Queste ultime ore, scandite da continui aggiornamenti su attacchi terroristici in Medio Oriente, hanno visto la domenica del 17 gennaio 2016 sprofondare in un vero e proprio bagno di sangue. Da anni non si si arrivava a cifre così drammatiche in sole ventiquattro ore.
L’agenzia del territorio Sana confermerebbe che nella città di Dayr az Zor, nell’est della Siria sia stata compiuta da gruppi jiihadisti dell’Isil una vera e propria serie di esecuzioni, in cui numero dei morti sembra essere salito nelle ultime ore a 300, in maggioranza donne e bambini e non più di 50 combattenti siriani. A darne notizia diretta sembra siano stati i portavoce del gruppo terroristico Islamic State fighters, che sono riusciti a raggiungere la zona di Al-Baghaliyeh. Dirigendosi immediatamente nei territori, l’agenzia siriana Sana ha cercato in queste ore di ottenere più informazioni possibili intervistando anche attivisti esteri che sembra abbiano addirittura assistito alla decapitazione di 150 persone e al rapimento di almeno 400. Dai racconti dei testimoni che sono riusciti a scampare alle esecuzioni appare che i civili siano stati prelevati dalle loro abitazioni puntando l’interesse soprattutto su donne, bambini e anziani.

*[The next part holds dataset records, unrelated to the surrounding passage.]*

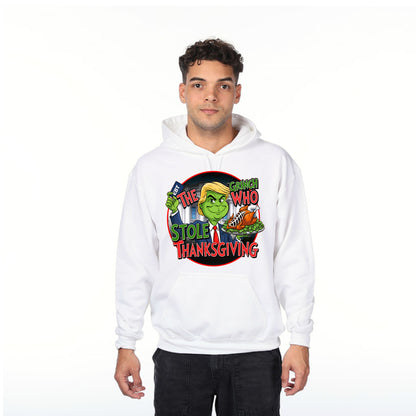 The Grinch Who Stole Thanksgiving Hoodie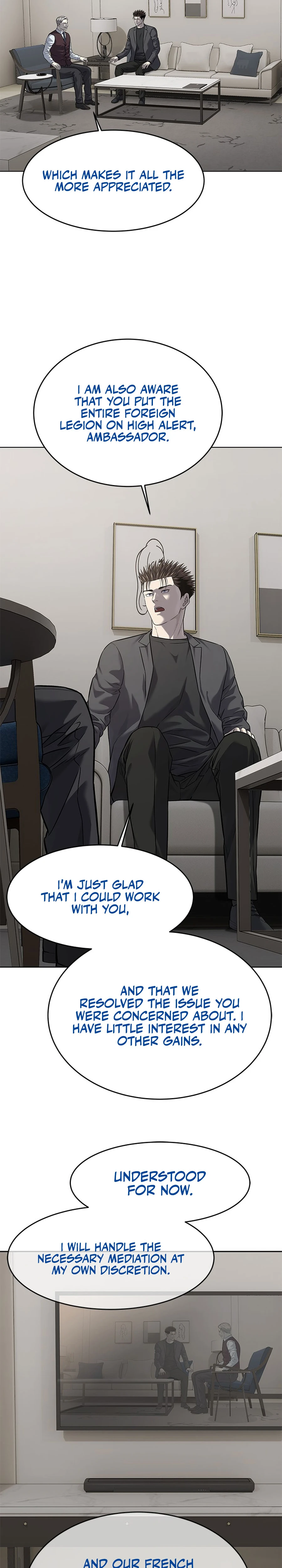 God of Blackfield Chapter 284 — Page 11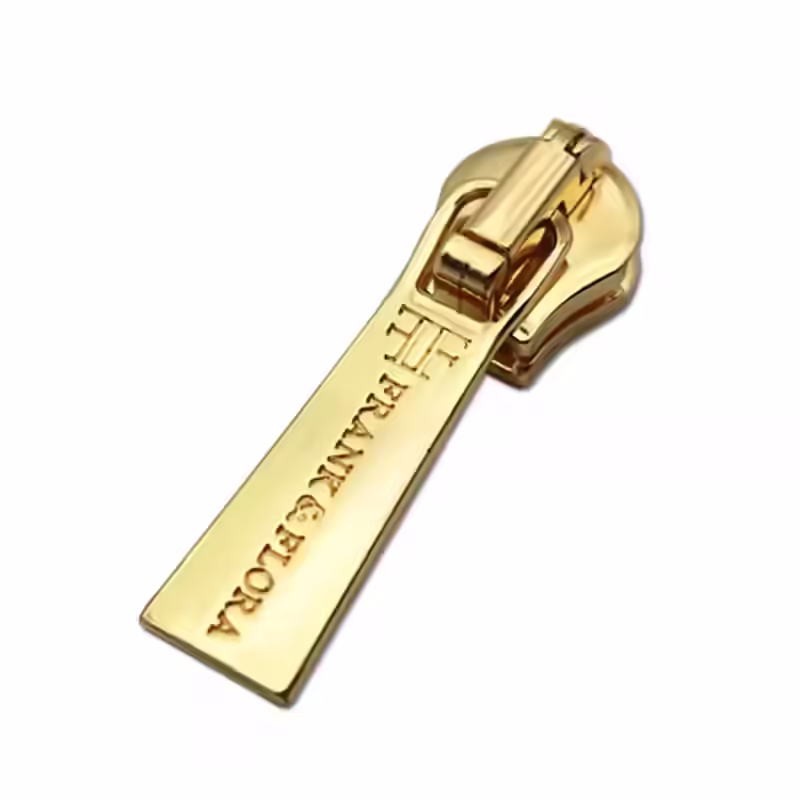 Custom Logo Zipper Puller - Image 2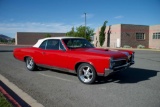 1967 Pontiac Lemans GTO Convertible Resto-mod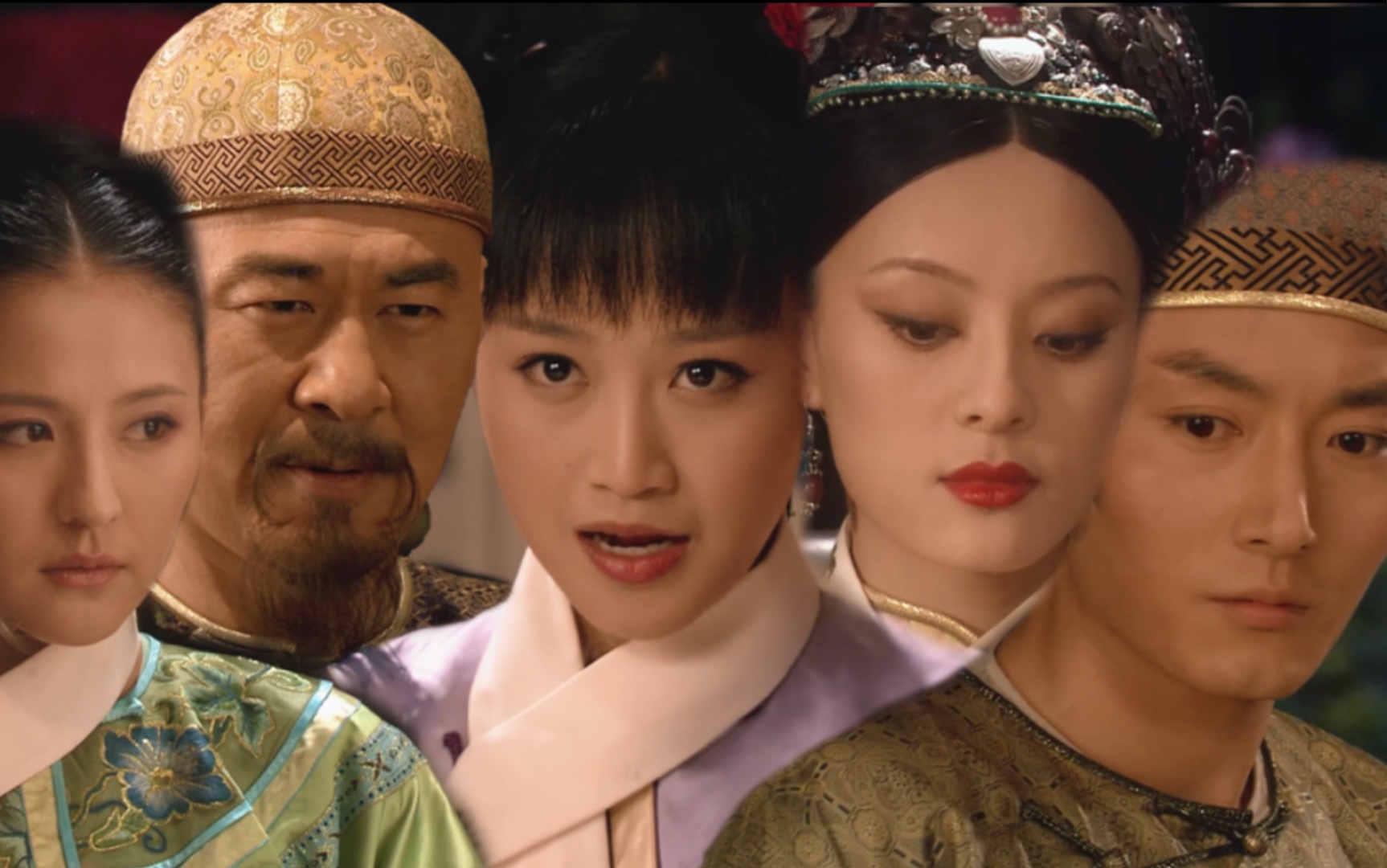 果郡王掉出小像是无心之失还是有人故意设计浣碧告诉你答案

Il capo dell’ Osservatorio Internazionale Rami Abdel Rahame riferisce di numerosi sequestri nelle abitazioni delle famiglie dei combattenti siriani in aree sotto il pieno controllo dell’organizzazione terroristica. La situazione sembra essere giunta a un punto limite. Dopo questa escalation di violenza e ottenuta un’altra importante fetta del territorio come appoggio alle basi terroristiche ai confini con l’Iraq, l’Isil sembra sia arrivata a controllare il 60% del territorio. L’estrema preoccupazione, condivisa anche dagli osservatori internazionali, è quella della possibile violenza a tappeto che invaderà le zone circostanti. E’ importante ricordare che la rivolta siriana ebbe inizio nel 2011 nei confronti del presidente Bashar al-Assad, trasformandosi in una guerra civile che, secondo le Nazioni Unite, ha causato a oggi 250.000 i morti e 4.3 milioni di profughi.
Nelle stesse ore in cui nella città di Dayr az Zor si scatenava l’inferno, poco lontano, più precisamente nella zona di Raqqa, in base a dati forniti dall’Osservatorio Internazionale ma ancora non pienamente confermati, sembra che la coalizione Usa anti Isil abbia provocato almeno 40 morti, tra cui una decina di bambini.
La Siria è debole e fragile ed è oramai teatro di rappresaglie da parte terrorista e governativa. Lo provano le immagini che in questi giorni girano sui network locali e internazionali sullo stato di debilitazione delle popolazioni, con bambini della zona di Madaya portati allo stremo fisico e senza possibilità di scampo. Secondo una comunicazione ufficiale dei portavoce dell’ Unicef, venerdì 15 gennaio è stato dichiarato morto per denutrizione un ragazzino di 16 anni. Madaya è assediata da mesi e le organizzazioni per i diritti umani hanno lanciato vari allarmi, soprattutto a livello epidemiologico, sulla salute dei bambini. In questi giorni si è riusciti finalmente a introdurre aiuti di prima necessità, ma il giovane era ormai in uno stato di denutrizione irreversibile e non si è potuto far nulla per salvarlo. Quello di Madaya è uno dei tanti esempi dello stato in cui si trovano le città siriane in questo momento; ci sono pochissimi medici e le scorte di vaccinazioni e farmaci sono al collasso. Rappresentanti dell’Unicef e dell’Oms hanno lanciato un appello chiedendo a tutte le parti in conflitto di rispettare i loro obblighi ai sensi del diritto internazionale umanitario per permettere e facilitare l’accesso umanitario immediato e continuo a tutte le zone del paese.